How about “identify this book in a database and deliver me the isbn back”? I could make a shot of all those books I can’t identify by a normal scanner where I would have to look for the isbn – that could be done outside. I would not pay much money for it, but I would pay some.

“Yeah, and how are they going to get to a computer? They will have to pay for it! It is like computer prostitution!” you might say. Right also. But if I have the choice between prostituting myself to men or to a computer for doing work like translating or identifying pictures of stores, you should see a difference …. Also, there are many people who do have a computer at home, but can’t use it for work, because work most of the times happens outside the house. Think Mom’s at home.

Splitting your work into tasks to have them worked on decentralized feels like going into the second industrial revolution. Which part of the workflow have we always tried to outsource? Can it be done by human intelligence? Can we seperate this part of the work to work line HIT? As far as I know, chinese workers are payed about $5 a month, and they can do comparisons of numbers, texts of digitalisation etc. Yes, that fells like the kind of work the western world workers did in the beginning of the 20th century.

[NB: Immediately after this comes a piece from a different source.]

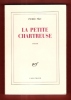 La Petite Chartreuse. PEJU Pierre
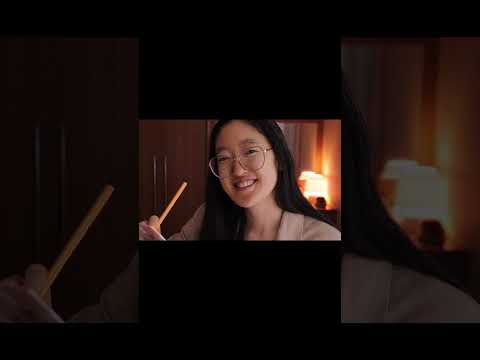 ASMR ROLEPLAY: A PIOR PSICÓLOGA DO MUNDO (FALA SUAVE) INSCREVA-SE #asmr #asmrroleplay #asmrbrasil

But they did not work on computers but in coal mines and production lines. And look where we are today. I have no doubt, that this can happen also there. At the moment Amazon is hitting for the mass market, you can judge that by looking at their minimun transaction fee of $0.005. And after some work, it may as well be possible they extend their services to ‘higher’ qualified work than “hit? yes / no”.

And think about it: Customers who bought at this freelancer also bought at this freelancer. Customer review. Recommendation “you have been using translation services. Perhaps you are also interested into this cultural expert to test your new website?”. Which is one of the downsides: In order to judge “which photo is best” (their example), one has to overcome cultural differences – I am not sure I would like an American to choose my christmas decoration just as an example.

Which leaves a big question to me: Will they patent this way, or can they? “Using a computer system to do transaction for businesses identifing people on photos / compare scans / etc”? Even if they can’t I am sure this will bring ecommerce into a whole new level – before it was mostly ‘only’ buying and selling of products. Now we might even more expand into the information business. And before you correct me: Yes, there have been services before, just take Google Answers. But non of them put their ‘operating system’ behind it as Amazon now did.

There are downsides and questions, particular ethical ones. But there also are chances. We have to take those and make the rest good too. This is how you evolve as a society: not by shutting down everything, because it _now_ does not fit into your moral / ethical world understanding but by working on those issues too.

My 50 cents are still not spent and I did the article myself, and even with a different turn than my German one. I could spend those on a Hippo Roller.